Law professor Caleb Griffin writes in the Oxford Business Law Blog offers three options for addressing the problem he sees in concentration of proxy voting rights in just a small handful of players, primarily index funds:
Passive funds will soon own the majority of all U.S. equity assets, and the way they vote their proxies will effectively be the ‘last word’ in corporate governance.As a result of this phenomenon, two seismic shifts in corporate governance are underway. The first is an unprecedented concentration of voting power in the hands of these few large shareholders. Indeed, passive indexing has concentrated the power of dispersed investors to such a degree that it is beginning to challenge long-held assumptions about the separation of ownership and control. Due to their dominance, Big Three proxy voting ‘guidelines’ essentially become market-wide governance standards, which issuers ignore at their peril. Thus, indexation has concentrated shareholder power to such an extent as to potentially upend the balance of power assumed in a Berle-Means corporation.
The alternatives he suggests are generalized input from investors, generalized information from investors gathered by the institutions, or some form of pass-through voting.
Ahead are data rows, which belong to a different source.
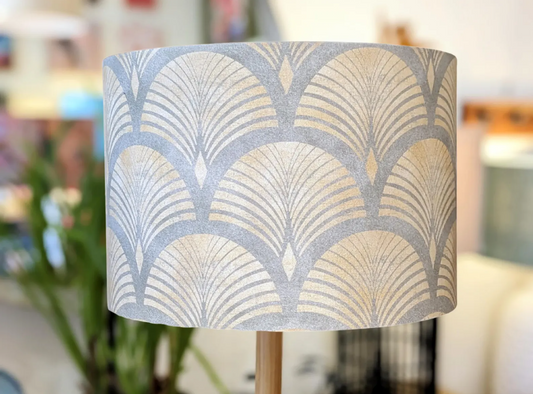 A close-up of the Emotive Collection Art Deco Lampshade, featuring a handcrafted geometric fan pattern in soft grey and beige tones. The background shows blurred indoor plants and furniture, captured in South Australia.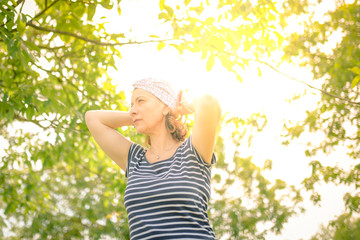 Woman wearing a stylish head scarf in the park Caucasian female outdoor adjust the band in the hair with sunlight in background filter through the branches of trees Portrait of a girl in vintage look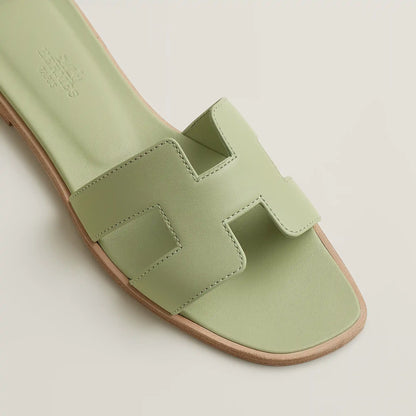 Oran slide sandal close-up in pale mint leather with cutout H-style straps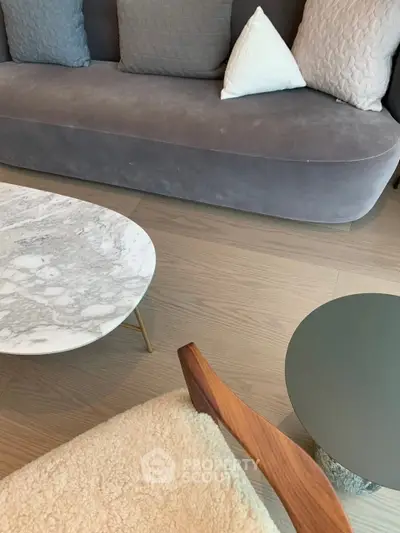 Stylish modern living room with elegant sofa and marble coffee table, perfect for urban living.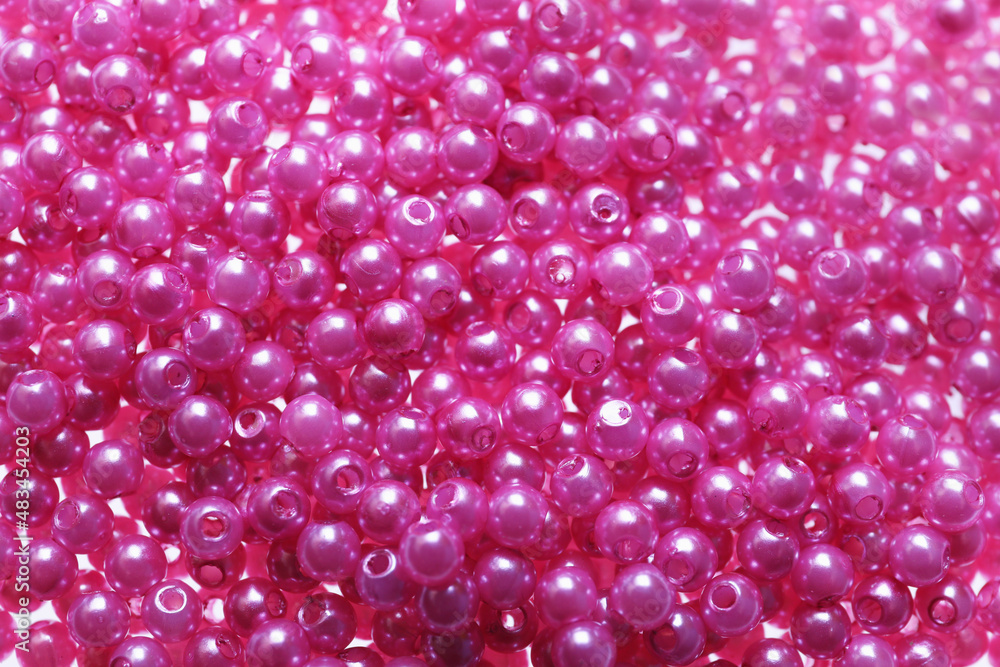 Pile of pink beads as background, closeup Pile of pink beads as background, closeup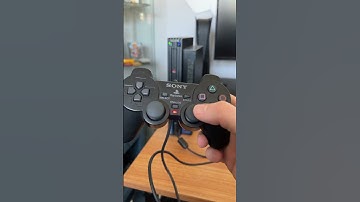 Wat doet de analoge knop op de PS2-controller?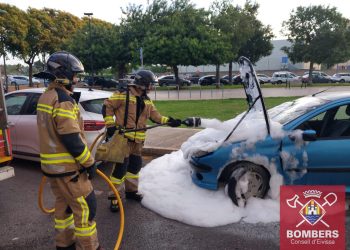 Los bomberos del parque insular de Ibiza sofocando esta mañana el incendio en el motor del coche aparcado. Foto Bombers d'Eivissa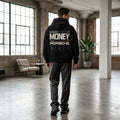 Model wearing black Porsche graphic hoodie with orange racing accents, bold MONEY lettering and Same Hustle Different Level back print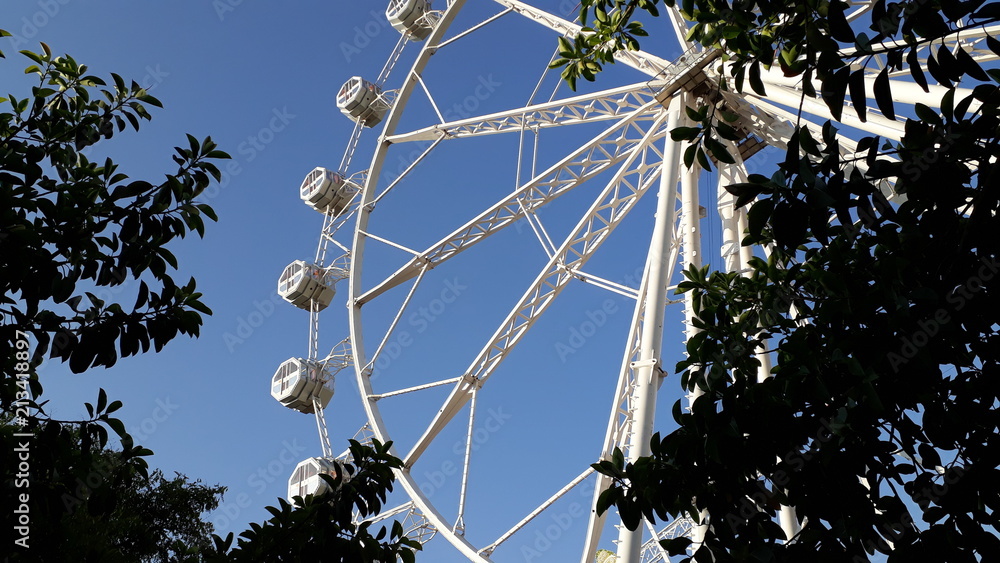 Modern ferris wheel at a fair in summer, with day blue sky background. Modern ferris wheel at a fair in summer, with day blue sky background.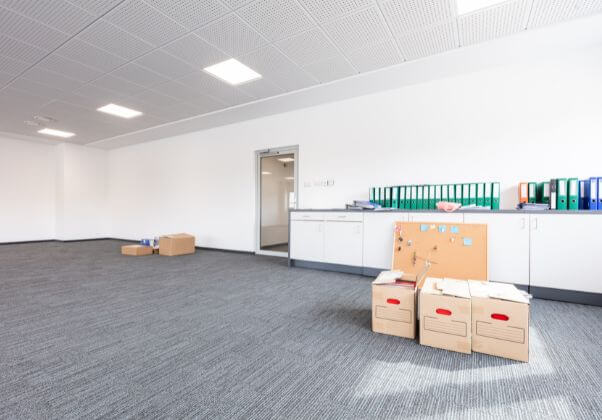 En tom kontorslokal med några kartonger på golvet, en whiteboardtavla och skåp längs väggen.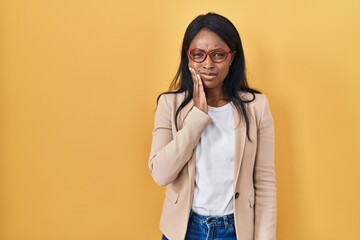 African young woman wearing glasses touching mouth with hand with painful expression because of toothache or dental illness on teeth. dentist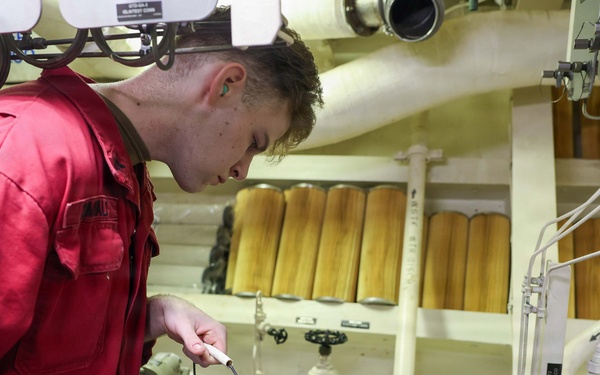 A technician wearing a red coverall uniform is working in what appears to be a ship's engine room or mechanical space. He is holding a metal bucket and using a dipstick or probe to check fluid levels in a container below. The space is filled with industrial equipment including filters, pipes, valves, and an electric motor.
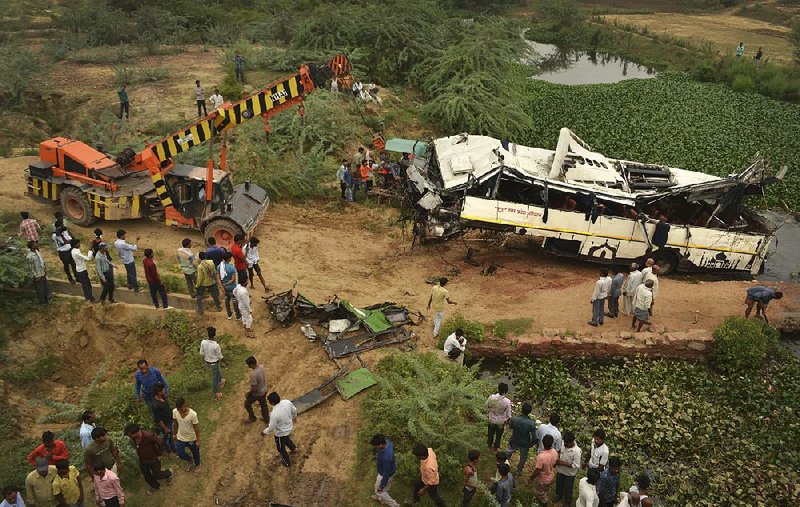 A crane pulls the damaged bus from a drain Monday after it crashed near Agra, India.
We appreciate Professor Griffin’s concerns but see no merit in his proposed solutions. Anyone who wishes to have a say in how proxies are cast has two good options already: purchase stock directly or select the fund manager on the basis of the proxy votes and proxy voting policies, which are now publicly disclosed thanks to the tireless work of our Chairman, Robert A.G. Monks, though not as easily accessible as they should be.
Professor Griffin has no data to show that the exercise of the franchise by sophisticated financial professionals managing funds over the long term and operating as fiduciaries is anything less than optimal, or in any event, less optimal than the alternatives he proposes. Data show that only 29 percent of investors who opt in to voting actually vote. It will be tough to get a quorum if participants in 401(k)s start getting flooded with shrink-wrapped blue packages every spring. These people have no special expertise in the portfolio companies or the complexities of CEO pay plans. Why are their views more valid or more economically efficient than those of the fund managers?
The solution here is better disclosure and more customer choice. If investors/plan participants can choose between one index fund that votes against excessive pay and in favor of shareholder resolutions on climate change and another does not, let them decide how important these issues are and which manager they want. That is far more likely to produce an optimal result than setting up some sort of unfocused focus group.